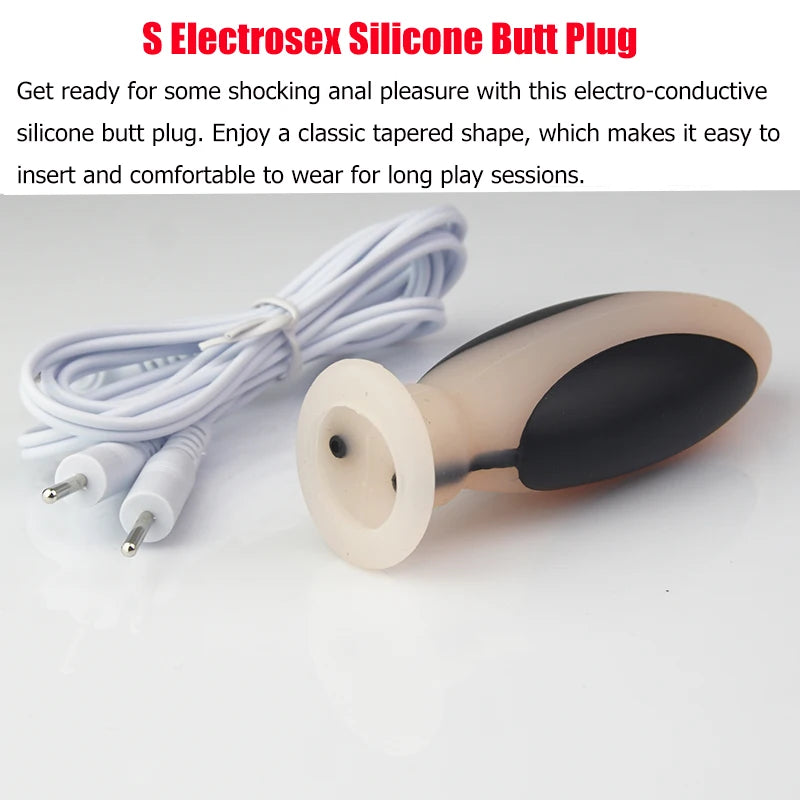 Electrosex Anal Plug,E -Stim Electro Stimulation,Electricity Accessories Vaginal Butt Plugs Prostate Massage,BDSM Sex Toys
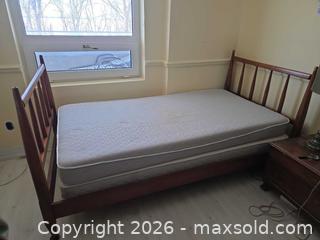 MaxSold Auction: Mid-Century Twin Bed Frame with Headboard & Footboard C - Ottawa (Ontario, Canada) PARTNER MANAGED Downsizing Online Auction - Carling Avenue (CONDO)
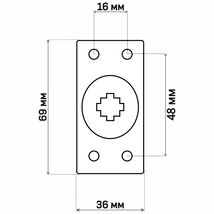 Handle Set MAUER Assa Abloy /For Aluminium /PVC Doors - $16.00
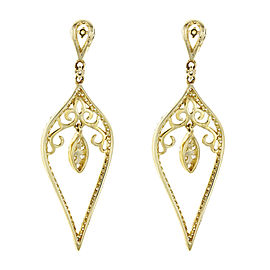 14K Yellow Gold Diamond Earrings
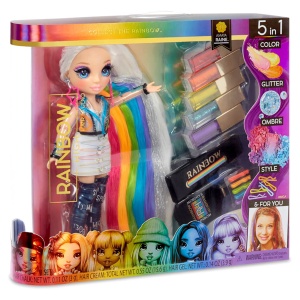 Rainbow High Hair Studio mit Puppe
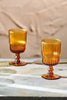 Amber Fali Wine Glass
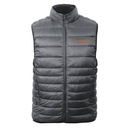 Chaleco de plumas ligero para hombre, gris, EG, TRUPER CHA-GC-XG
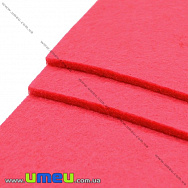Фетр 2 мм, 10х15 см, 223 Рожевий яскравий, 1 шт (FLT-027363)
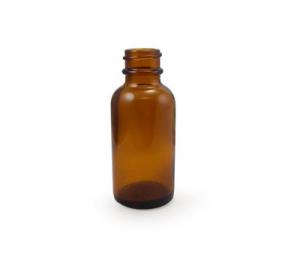 Boston Round Amber Bottle 1 oz.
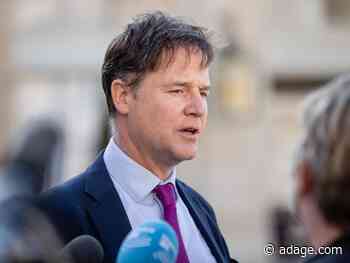 Facebook’s Nick Clegg addresses the ad world as boycott starts today: Wednesday Wake-Up Call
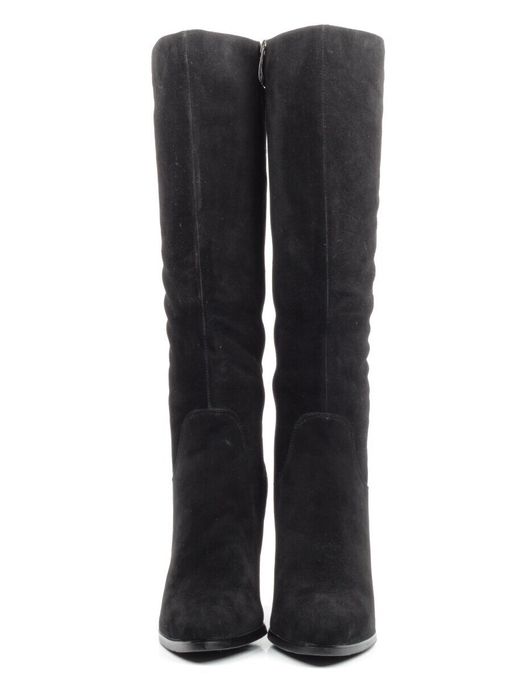 02-13R-01Y1-Q732F BLACK Сапоги женские (натуральная замша, натуральный мех (евромех)) - Фабричный китай фото 9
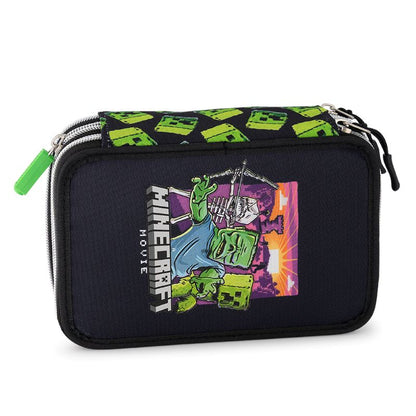 Ученически несесер с 3 отделения Minecraft Movie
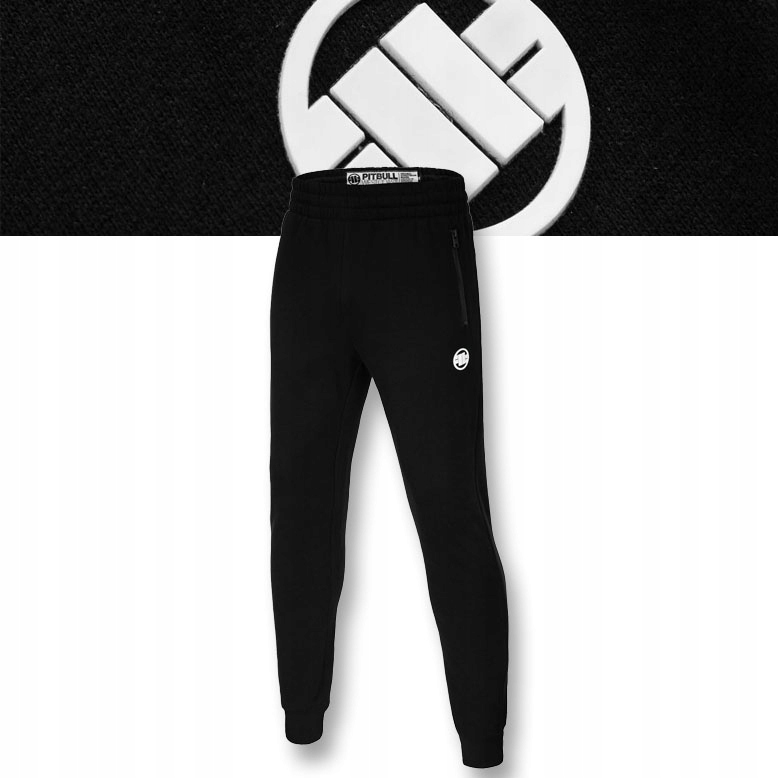 Męskie Spodnie dresowe Pitbull dres Hatton kieszenie z zamkami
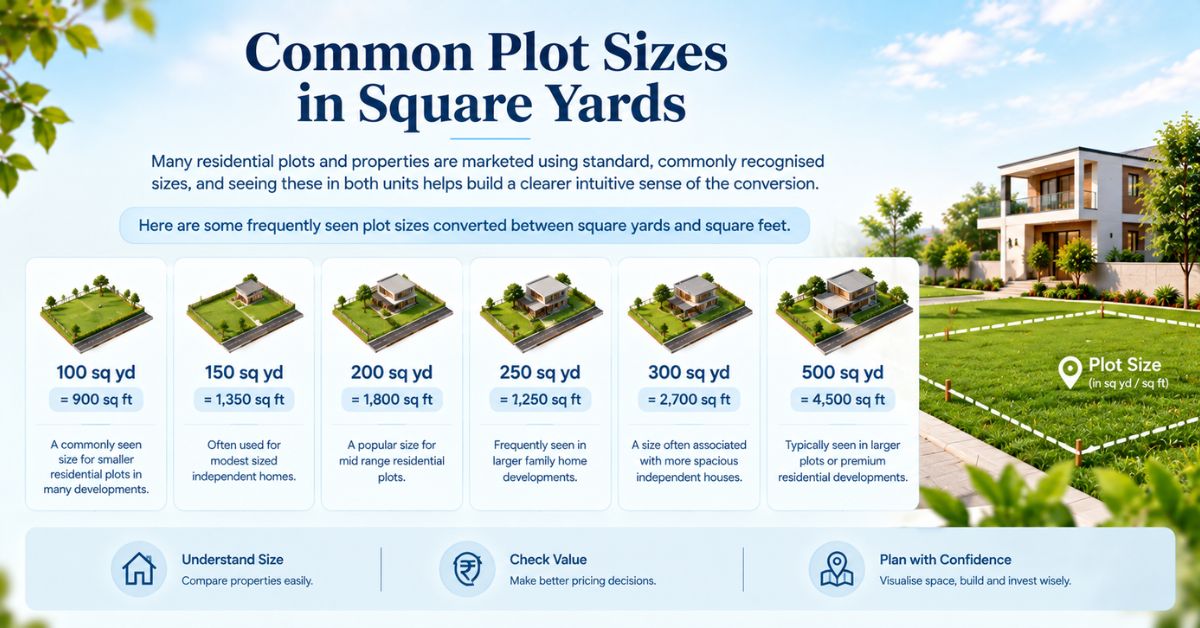 Square Feet to Square Yards
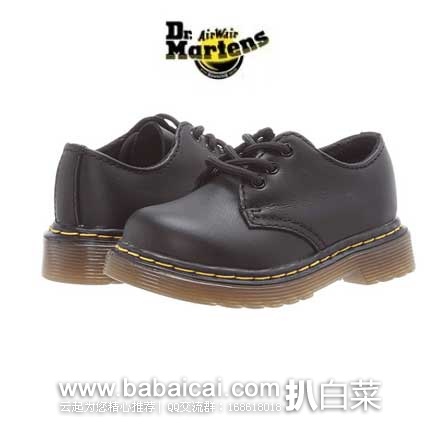 6PM：Dr. Martens Collection 童款 真皮时尚休闲靴 原价$55，现3折售价$16.5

+---+

Assigned task:
Above are the records; print them all exactly and keep the pictures out.

Problem solution:
 Electrosex Anal Plug,E -Stim Electro Stimulation,Electricity Accessories Vaginal Butt Plugs Prostate Massage,BDSM Sex Toys
 MaxSold Auction: Mid-Century Twin Bed Frame with Headboard & Footboard C - Ottawa (Ontario, Canada) PARTNER MANAGED Downsizing Online Auction - Carling Avenue (CONDO)
 Handle Set MAUER Assa Abloy /For Aluminium /PVC Doors - $16.00
 14K Yellow Gold Diamond Earrings
 Rainbow High Hair Studio mit Puppe
 Amber Fali Wine Glass
 Chaleco de plumas ligero para hombre, gris, EG, TRUPER CHA-GC-XG
Фетр 2 мм, 10х15 см, 223 Рожевий яскравий, 1 шт (FLT-027363)
 Boston Round Amber Bottle 1 oz.
 Facebook’s Nick Clegg addresses the ad world as boycott starts today: Wednesday Wake-Up Call
 02-13R-01Y1-Q732F BLACK Сапоги женские (натуральная замша, натуральный мех (евромех)) - Фабричный китай фото 9
 Ученически несесер с 3 отделения Minecraft Movie
 Męskie Spodnie dresowe Pitbull dres Hatton kieszenie z zamkami
 Square Feet to Square Yards
 6PM：Dr. Martens Collection 童款 真皮时尚休闲靴 原价$55，现3折售价$16.5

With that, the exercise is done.